After the economy slumped in the late 1990s–just when expenses for developing the passenger car hit home–Tata truck and bus sales plunged by 40%, and Tata Motors lost $110 million in fiscal 2000. It was the first red ink seen since 1945. Executives were stunned. “It was corporate India’s biggest loss,” says Ravi Kant, managing director of Tata Motors. “The crisis changed us.”
But Tata Motors, part of India’s largest conglomerate, first had to reset its ways. Change started with a spring 2000 meeting at the Lakehouse, a bungalow across the street from the company’s main factory in Pune.

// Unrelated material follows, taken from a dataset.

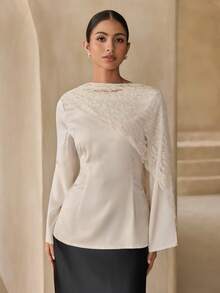 Graceveil Elegant Commuter Satin Lace Shawl Collar Long Sleeve Fitted Shirt - Apricot - View 7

Kant, then in charge of the commercial vehicle division, needed fresh ideas instead of rigid resistance, so in an experiment, he called a meeting of 20 of his most promising young managers–all under 35 years old.
“I have a problem,” he said in his matter-of-fact tone. “The company is bleeding.” He asked for ideas on how to stop the gush of red ink. Okay, they told him, trim costs.
Girish Wagh was there, just 29 then. He remembers the shock of what came next. “Ravi Kant said that 1% in cost cuts would be a rounding error. He asked for 10%!” says Wagh. “Never had we thought of such a target.”
Every single year until then costs had gone up, not down. Kant told them to present a basic plan that very afternoon, in front of him and–alarmingly–all their bosses.
They worked frantically. By the 3 p.m. meeting, their wildest ideas were on the table. Taken together, they added up to 6.5%. “A breakthrough!” Kant remembers thinking. But that’s not what he said. “Please go back and think again,” he told them. He needed 10%, not 6.5%. “You’ve got three weeks.”
The young team took some measures even as it scrounged for more. In came benchmarking, purchasing from Internet auctions, outsourcing parts to more efficient suppliers and boosting revenue by selling Tata-made dies to other companies.
The transformation of Tata Motors had begun with the searing loss in 2000, but it continued with a return to profit in the fiscal year ending March 2003. By then it was producing two car models and selling a bit abroad. Today, after buying or partnering, the company has vehicle projects around the globe and exports 11% of output, mostly to South Africa.
Efficiency is way up: It now takes between 12 and 15 minutes to change a die on the passenger car assembly line, down from two hours in 2000. The company’s break-even point for capacity utilization is one of the best in the industry worldwide.
Between 2000 and 2006 nearly 6,000 workers left the company with early-retirement deals. Meanwhile, the once radical e-sourcing idea has become routine for Tata, which ran 750 reverse auctions on Ariba in the past year to bring down purchasing prices by an average of 7% for everything from ball bearings to the milk served in the company cafeteria.
Except for a right leadership that showed determination to be globally competitive, nothing had changed at Tata Motors. Tata Motors is the only Indian company in the passenger car sector.
And that difference made Tata Motors what it is today, when the other two (HM and Premier) because of the lack of the steely management will to survive and grow got vanished from the passenger car manufacture.